En voici la quatrième de couverture :

« Afin de retrouver son collègue, Max Clair, et la femme de ce dernier, Suzanne, qui fut sa maîtresse, le Dr Edward Sanders, directeur adjoint d’une léproserie, se rend à Mont Royal, au Cameroun. À peine arrivé, il constate que la forêt qui borde la ville est entourée d’une aura de mystère. En outre, d’étranges objets de cristal sont vendus discrètement sur la place du marché. Quel est le lien entre ces bibelots, la forêt et la sombre lumière qui en émane ? »

Dans mon analyse du roman, je traiterai de la manière dont J. G. Ballard décrit une apocalypse sous le signe de la Weird Fiction.

L’Analyse


Une forêt fascinante et cristalline


Dans La Forêt de cristal, J. G. Ballard décrit des forêts (oui oui) qui se cristallisent (hé oui), supposément à cause d’événements cosmiques liés à l’émergence « doubles galaxies », qui provoqueraient une altération du temps et de la matière et provoqueraient une métamorphose de la matière. Là où Le Monde englouti et Sécheresse mettent en scène des apocalypses vraisemblables (et à ce titre, qui font violemment écho à l’actualité) aux conséquences fatales pour l’humanité, avec une montée des eaux et un réchauffement climatique violent pour l’un et l’interruption du cycle de l’eau et l’impossibilité de l’agriculture, La Forêt de cristal dépeint une situation marquée par son étrangeté, qui intrigue l’humanité, mais ne met pas immédiatement sa civilisation en péril.
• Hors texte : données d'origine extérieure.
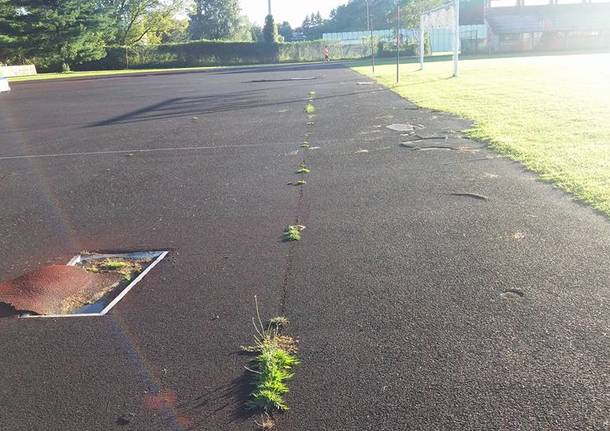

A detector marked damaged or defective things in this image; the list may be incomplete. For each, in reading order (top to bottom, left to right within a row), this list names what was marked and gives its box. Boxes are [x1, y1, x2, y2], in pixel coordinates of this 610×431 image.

pothole [0, 251, 166, 318]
Les autorités censurent les informations sur les zones touchées par le phénomène de cristallisation, et les populations qui s’en trouvent proches sont évacuées, ce qui témoigne tout de même de l’inquiétude qu’elles suscitent et leur dangerosité. On remarque par ailleurs que de la même manière que pour Le Monde englouti, les causes du phénomène sont externes à l’humanité, contrairement à Sécheresse qui montre les conséquences directes de la pollution industrielle dans les océans. L’externalisation de la cause de la cristallisation tend aussi à montrer que l’espèce humaine n’a pas véritablement de prise sur les événements qui peuvent la frapper.

L’invraisemblance du phénomène et ses conséquences inscrivent selon moi La Forêt de cristal dans la Weird Fiction, puisque le roman mobilise des caractéristiques de ce mode fictionnel, avec notamment le topos de la transformation, celle des écosystèmes forestiers, mais aussi la métamorphose des espèces vivantes, peu à peu contaminées et envahies par les cristaux pour former des hybrides de chair et de minéraux (j’y reviendrai). La transformation de l’écosystème et son étrangeté provoquent une forme de fascination pour ceux qui l’observent et s’y trouvent, de la même manière que d’autres forêts de Weird Fiction, à l’instar de la Vorrh de Brian Catling, décrite dans le roman éponyme et sa suite, Les Ancêtres.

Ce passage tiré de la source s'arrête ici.